Every year, more than a dozen interior designers pour out their hearts and wallets to produce breathtaking rooms for the Kips Bay Decorator Show House for the benefit of the Kips Bay Boys and Girls Club. This year is no exception.

To celebrate their 45th anniversary, designers have outdone themselves again, decorating an upscale townhouse in New York’s Upper East Side. These decorator shows are fascinating, as they are the testing ground for what is new in interior design.

The current wall color trends still revolve around darker tones. Emerald green, fog gray and almost black are just some of the colors to offset lighter wood tone furniture with lots of accents in alabaster and white and jewel tones. While decorator show houses are usually a smorgasbord of design styles, this year’s interior designers displayed a nod toward boho-chic styling and eclectic contemporary interiors. Always interesting and always pushing the envelope, this show is not to be missed.

• Look out as Kips Bay spearheads another decorator show house in Palm Beach, Florida, later this year around Thanksgiving. A 1925 Mediterranean Revival house will host 15 to 20 national and local interior designers showcasing their work. Save the Date: Opening Nov. 24.

• Bridging architecture and fashion, the work of Tokyo-based designer Rei Kawakubo of Comme des Garcon is on exhibit with an aptly titled show: Art of the In-Between at the Metropolitan Museum. Every garment artfully creates an interesting dialogue between “object” and “space.” Kawabuko breaks down the notion of what can be used as creation and recreation with the variety of materials and patterns. While some pieces could conceivably be runway fashion, others are just for admiring or lie somewhere in between. The show runs at The Met through Sept. 4.
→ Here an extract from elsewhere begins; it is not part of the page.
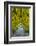 USA, Whidbey Island, Langley. Golden Chain Tree on a Metal Frame-Richard Duval-Framed Photographic Print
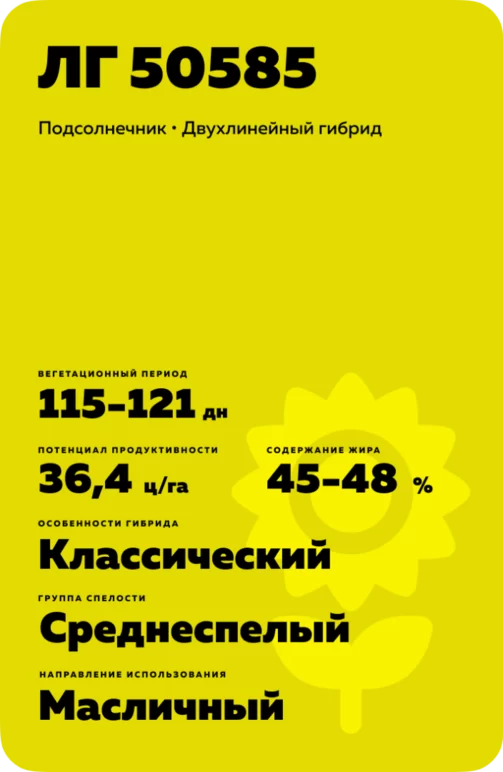 ЛГ 50585 подсолнечник Лимагрейн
• Hunger pangs a calling! Head to Chaan Teng, Hell’s Kitchen’s newest and hippest Chinese eatery. This unexpectedly elegant restaurant is the brainchild of Chef Pichet Ong, formerly of Jean-George’s Spice Market. Don’t expect to find traditional dishes. He is masterful at twisting and innovating Chinese cuisine. The interior decor is also a smart play at reinterpreting Chinese decor. The color palette is a takeoff of the blue and white pottery that is artfully displayed on a back wall of the restaurant. Dark blue walls and veillike trellised screens move about the room to create spaces for more or less tables, and keeps constantly changing the views of the diners. Toile wallpaper with contemporary depictions in blue and white adorn the back wall of the sidewalls. This displays a fresh approach to both cuisine and interior design.

What’s in today is out tomorrow. New York’s offerings are always in evolution and a sure reason for you to want to visit again and again. This is why I love New York!